A prespecified subgroup analysis showed that patients with high-risk cytogenetics (n=192) responded better to SVd (OR, 0.67; 95% CI, 0.45-0.98), with patients who had isolated del(17p) (n=37) achieving the strongest benefit (OR, 0.38; 95% CI, 0.16-0.86). The subgroup analysis showed that the PFS benefit was only statistically significant in patients who received one previous line of therapy (OR, 0.63; 95% CI, 0.41-0.96), with patients who didn’t receive a previous PI deriving a larger benefit (OR, 0.26; 95% CI, 0.11-0.60).
Eighteen percent of patients who received SVd required a thrombopoietin receptor agonist to manage thrombocytopenia (while trying to limit dose interruption or drug discontinuation) compared to only 1 percent of the patients who received Vd. Despite the higher utilization of thrombopoietin agonists in the SVd arm, there were more significant bleeding events (grade 3 or higher, 2% vs. <1%) with one case of cerebral hemorrhage in the SVd arm. On December 18, 2020, the FDA approved SVd for the treatment of adult patients with MM who have received at least one prior therapy.6,7 It is being studied in other hematologic malignancies, including diffuse large B-cell lymphoma where it showed an initial overall response rate of 28 percent,8 and in some solid tumors.9
In Brief
Selinexor appears to be an active agent in the treatment of MM. The reduction in selinexor dose between the STORM and BOSTON trials along with the use of supportive care measures helped make selinexor more tolerable. One key observation was that the benefit seen in del(17p) patients seemed similar to that of standard-risk patients, which supports the preclinical rationale for this MM disease subset. What remains unknown is when to introduce selinexor in the treatment of relapsed/refractory MM, especially with significant short-term AE profiles and unknown long-term effects.
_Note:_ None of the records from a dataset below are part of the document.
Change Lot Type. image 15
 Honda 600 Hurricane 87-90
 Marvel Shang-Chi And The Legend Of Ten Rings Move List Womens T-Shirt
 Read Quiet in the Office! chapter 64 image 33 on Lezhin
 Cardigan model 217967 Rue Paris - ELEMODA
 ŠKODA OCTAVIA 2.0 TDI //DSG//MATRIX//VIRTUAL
In the United States, patients with MM who progress on a given drug will be switched to a different drug from the same class or to a totally new drug class. The BOSTON trial did not enroll many patients in the United States owing to the fact that it allowed patients to be re-treated with the same PI at time of progression and owing to the luxury of available standard effective therapies with longer follow-up time. Financial toxicity is a growing problem in the field of MM,10 and the cost of selinexor ($22,000/month)11 has come under critique by the U.S. oncology community since its FDA approval. While the BOSTON trial provided evidence that the addition of selinexor to Vd resulted in better PFS, the MM community aspires to use the most effective therapy with the least AEs profile at the most appropriate time for the most ideal patient outcome — for SVd, it may be the high-risk relapsed/refractory MM subset.
Competing Interests
Dr. Hadidi indicated no relevant conflicts of interest. Dr. Usmani has received research funding from Amgen, Array Biopharma, BMS, Celgene, GSK, Janssen, Merck, Pharmacyclics, Sanofi, Seattle Genetics, SkylineDX, and Takeda; consulting fees from Amgen, BMS, Celgene, EdoPharma, GSK, Janssen, Sanofi, Seattle Genetics, SecuraBio, SkylineDX, Takeda, and TeneoBio; and speaker fees from Amgen, BMS, Janssen, and Sanofi.